A. Cell proliferation during wound healing was visualized using antibody against PCNA (b, e and h) and total number of cells in the field were marked by staining nuclei with DAPI (a, d and g). In primary gingival epithelial keratinocytes cell proliferation was assessed based on PCNA staining in regions R1, R2 and R3. The isotype control on bacteria challenged scratch assay for PCNA staining is represented by (k) with (j) showing DAPI staining. B. Graph representing cell proliferation at different regions of the scratch and at different time points. The total number of cells was counted based on DAPI staining of nuclei and cell proliferation was counted based on positive PCNA staining. D1 and D2 = day 1 and 2 in the graph. Average was calculated from three independent experiments ± SEM and shows one way ANOVA. Significant difference between control and P. gingivalis or F. nucleatum is represented by *p<0.05, scratch edge and other regions of a treatment group for the same time point is represented by +p<0.05. For a particular region significant between P. gingivalis and F. nucleatum is represented by ++p<0.05.

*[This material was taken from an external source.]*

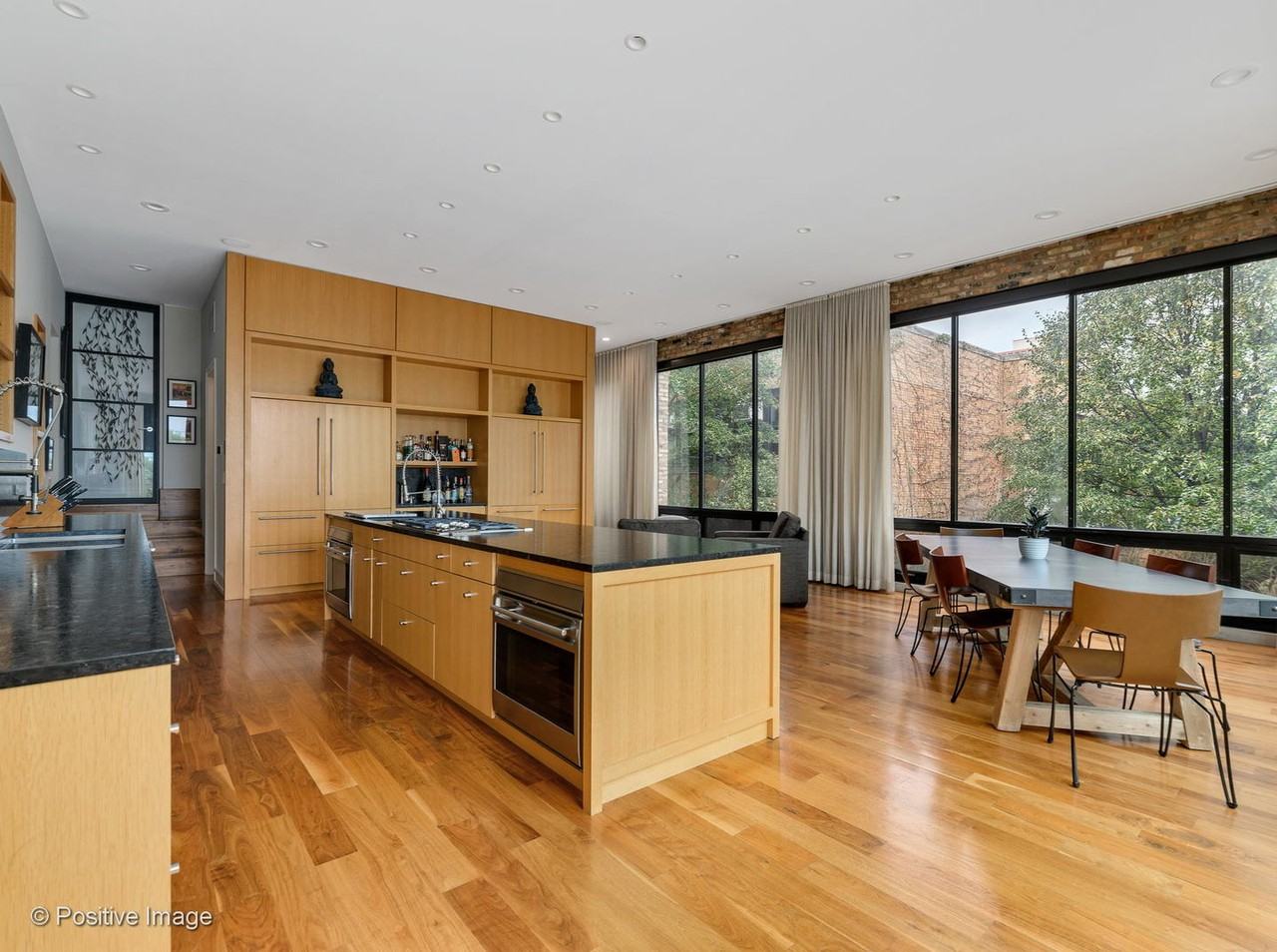 1302 W Erie St - Photo 7 of 28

Figure 4. Analysis of expression of cell cycle genes in oral pathogen infected keratinocytes.

Real time RT PCR of gene expression of Cyclin1 (A), cell division kinases 1, 2 and 4 (B, C, D) and cyclin dependent kinase inhibitor P18 (E) in bacteria challenged cells. Graph represents level of gene expression on day 1 and 3 post infection compared to day zero, i.e. prior to bacteria challenge. The data is average from three independent experiments. The δδCt gene/L32 value of each gene was calculated with normalization against expression of L32 control gene. Statistical significance represented by *p<0.05 and significant difference between expression on day 1 and 3 within a treatment group is represented by +p<0.05 after Tukey HSD test.

Figure 5. Study of cell migration and cytokine expression in pathogen infected oral keratinocytes.

A. Cell migration was assessed using transwell migration of keratinocytes after incubation with bacteria. The number of cells was counted by DAPI staining of nuclei using NIS element software under fluorescence microscope. Values were expressed as percent maximum against untreated control. Data are means ± SEM and shows one way ANOVA, with level of significance *p<0.05. B. Quantitation of integrin beta-3 at the protein level was determined by measuring fluorescence intensity of integrin beta-3 normalized to cell numbers. Values represent means ± SEM from three independent experiments. Significant between control and treatment *p<0.05 and between the two treatment groups +p<0.05 was determined by Ttest. C–D. Gene expression analysis of integrin beta-3 and -6 on day 1 and 3 post infection by real time RT PCR. The data is average from three independent experiments, δδCt gene/L32 value of each gene was calculated with normalization against expression of L32 control gene. Statistical significance represented by *p<0.05, and significant difference between expression on day 1 and 3 in a treatment group is represented by +p<0.05 after Tukey HSD test. E–F. mRNA levels of TNFα and IL-6 were measured by real time RT-PCR. Data shown are mean from three independent experiments. Statistical significance in differences of expression against control is represented by *p<0.05 after Ttest.